* Exercise prompt:
Go through the listing below and retype exactly the lines starting at the one with "18 inch Cycle Frame Alloy – Bicycle Kart" and ending at the one with "Audi A5, 2022", skipping pictures.

* Information:
BEGIN

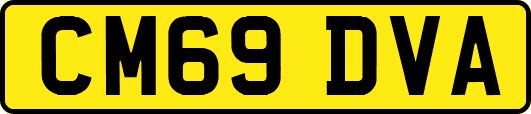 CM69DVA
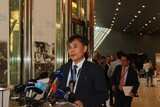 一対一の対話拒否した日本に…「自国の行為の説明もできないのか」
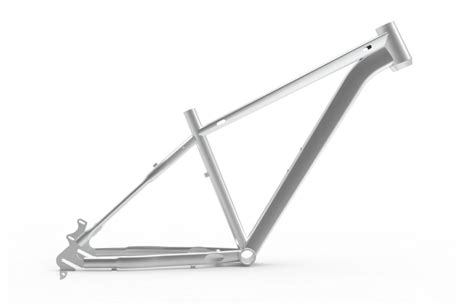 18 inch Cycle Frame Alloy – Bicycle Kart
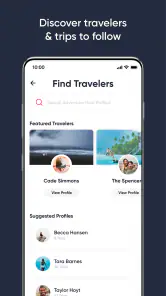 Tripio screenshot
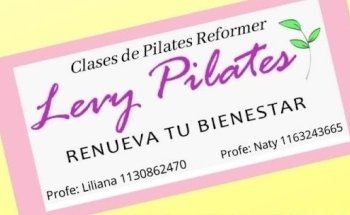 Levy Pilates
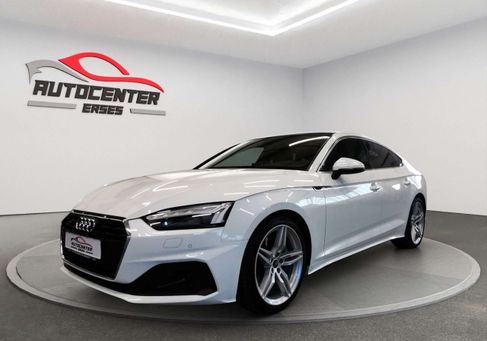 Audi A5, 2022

END
BEGIN

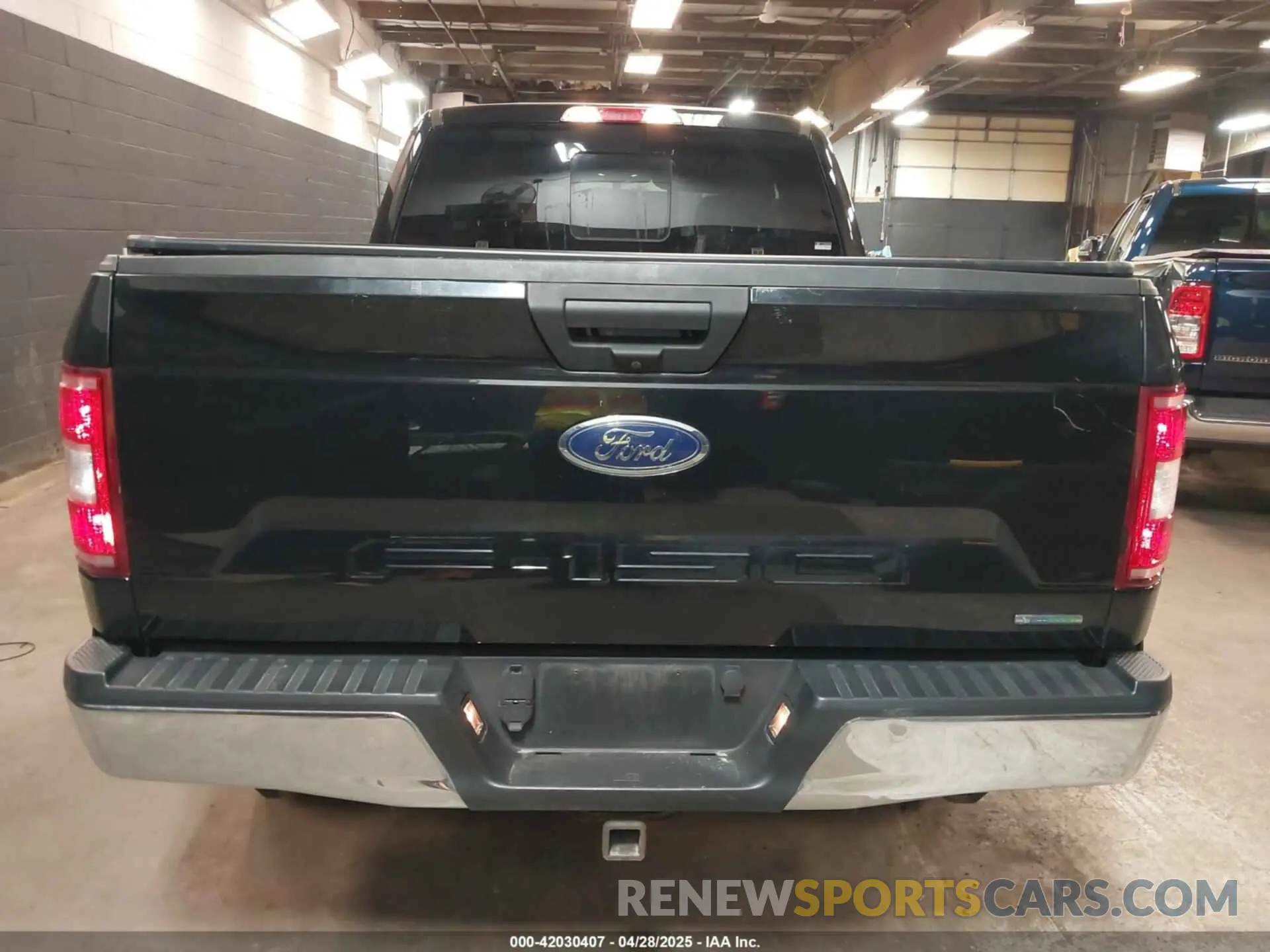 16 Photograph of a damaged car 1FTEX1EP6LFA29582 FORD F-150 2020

END

* Written response:
 18 inch Cycle Frame Alloy – Bicycle Kart
 Tripio screenshot
 Levy Pilates
 Audi A5, 2022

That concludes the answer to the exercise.